### EXERCISE BRIEF
Copy the records below exactly, omitting any pictures they contain.

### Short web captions
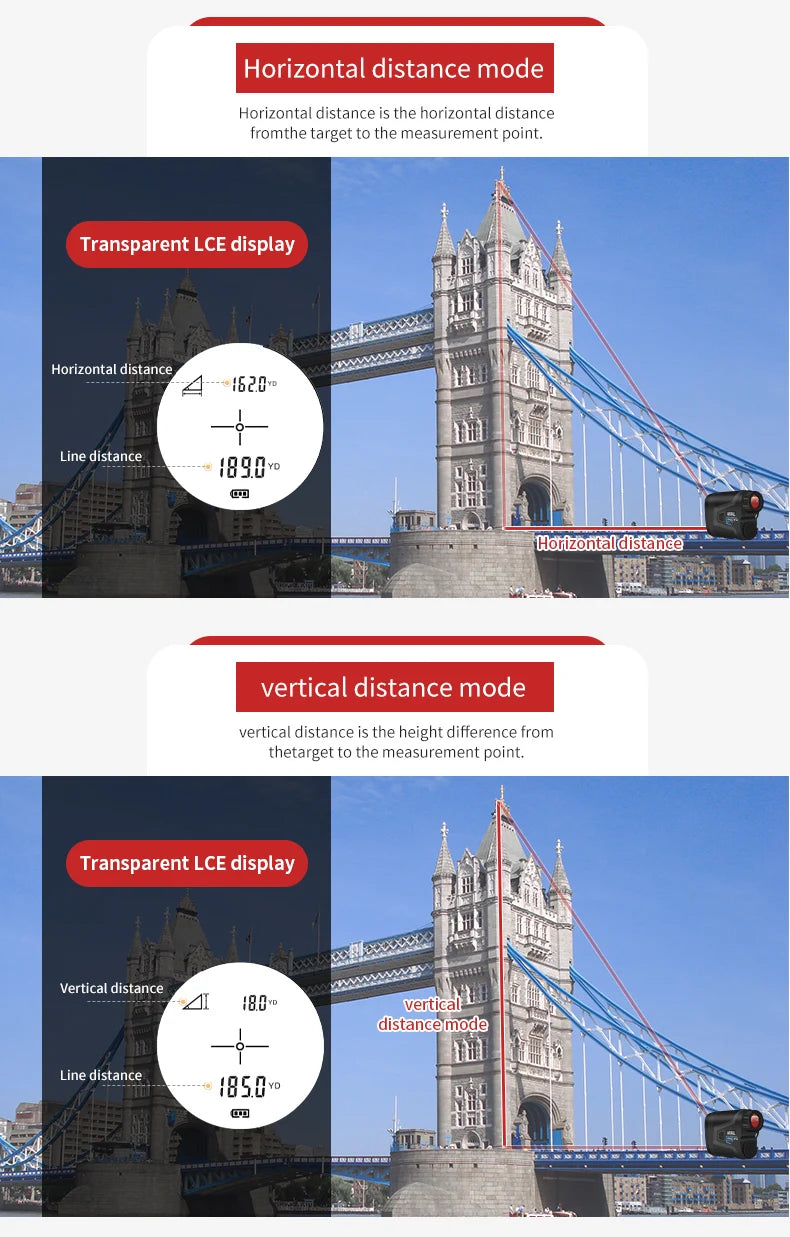 1000m Laser Distance Meter Rangefinder for Golf Rangefinder Hunting Telescope Speed Meter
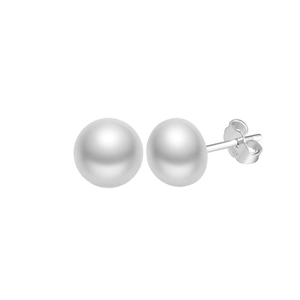 Macro detail of S925 sterling silver ball stud earring featuring professional polished finish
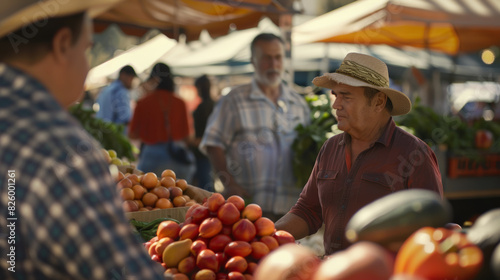 Market vendor in a straw hat selling colorful, fresh produce to customers.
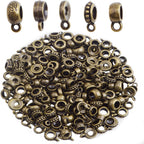 100 Gram Antique Bronze Bail Tube Beads Vintage Tibetan Alloy Bail Beads Connectors Spacer Bead Hanger Links for DIY European Bracelet Jewelry Crafts Making, 5 Styles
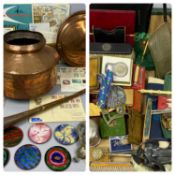 ANTIQUE COPPER & BRASSWARE, DESKTOP COLLECTABLES ETC. to include an Eastern style copper pot, 25 (h)
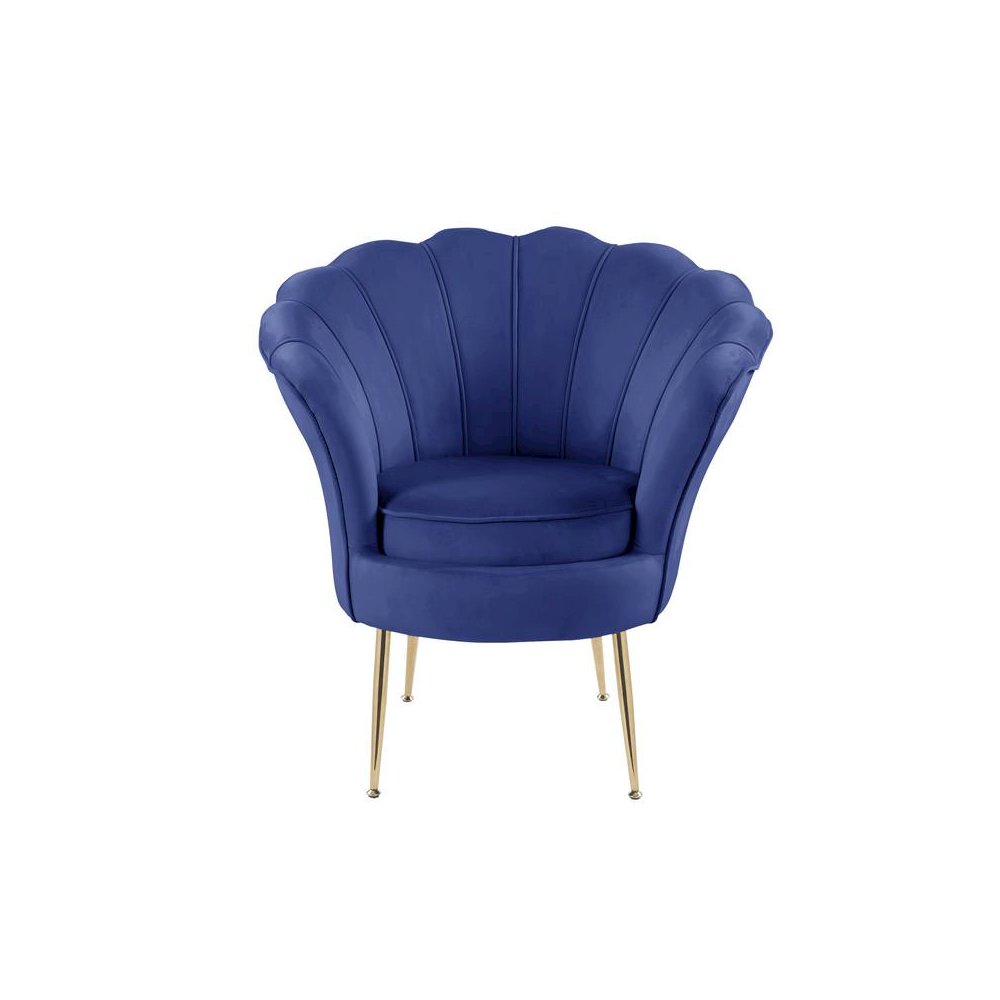Angelina Blue Velvet Scalloped Back Barrel Accent Chair with Metal Legs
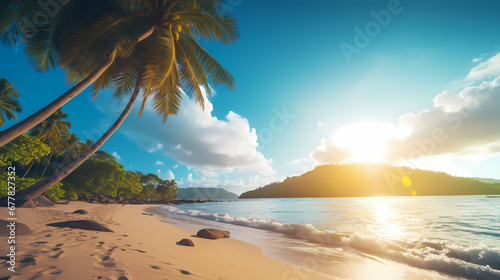 Lovely view of a rugged coastline with sandy beach and surging waves, generated through AI.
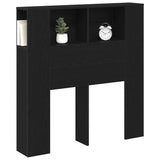 Headboard Cabinet with Shelf Black Oak Engineered Wood 862756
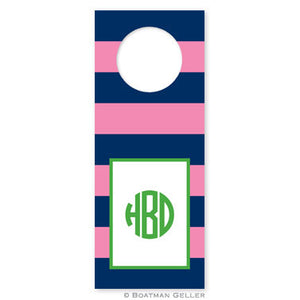 Rugby Navy & Pink Wine Tags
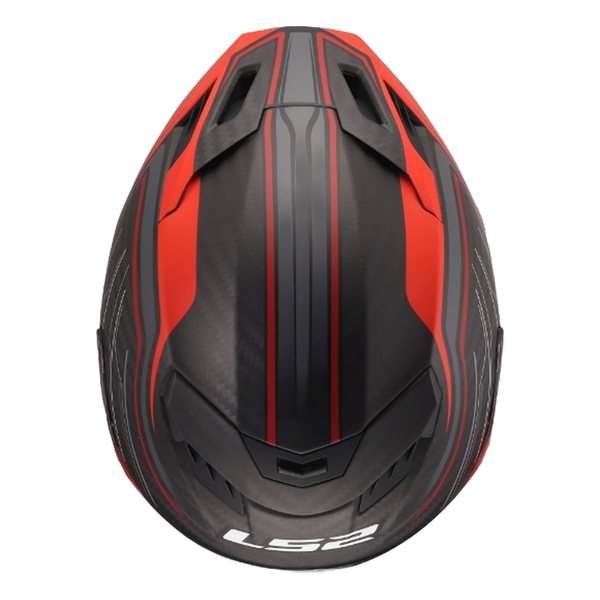 LS2 FF807 Dragon Carbon Helmet – Subic Matt Red – view 5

### YOUR SOLUTION
 1000m Laser Distance Meter Rangefinder for Golf Rangefinder Hunting Telescope Speed Meter
 Macro detail of S925 sterling silver ball stud earring featuring professional polished finish
 Market vendor in a straw hat selling colorful, fresh produce to customers.
 100 Gram Antique Bronze Bail Tube Beads Vintage Tibetan Alloy Bail Beads Connectors Spacer Bead Hanger Links for DIY European Bracelet Jewelry Crafts Making, 5 Styles
 ANTIQUE COPPER & BRASSWARE, DESKTOP COLLECTABLES ETC. to include an Eastern style copper pot, 25 (h)
Angelina Blue Velvet Scalloped Back Barrel Accent Chair with Metal Legs
 Lovely view of a rugged coastline with sandy beach and surging waves, generated through AI.
 Headboard Cabinet with Shelf Black Oak Engineered Wood 862756
 Rugby Navy & Pink Wine Tags
 LS2 FF807 Dragon Carbon Helmet – Subic Matt Red – view 5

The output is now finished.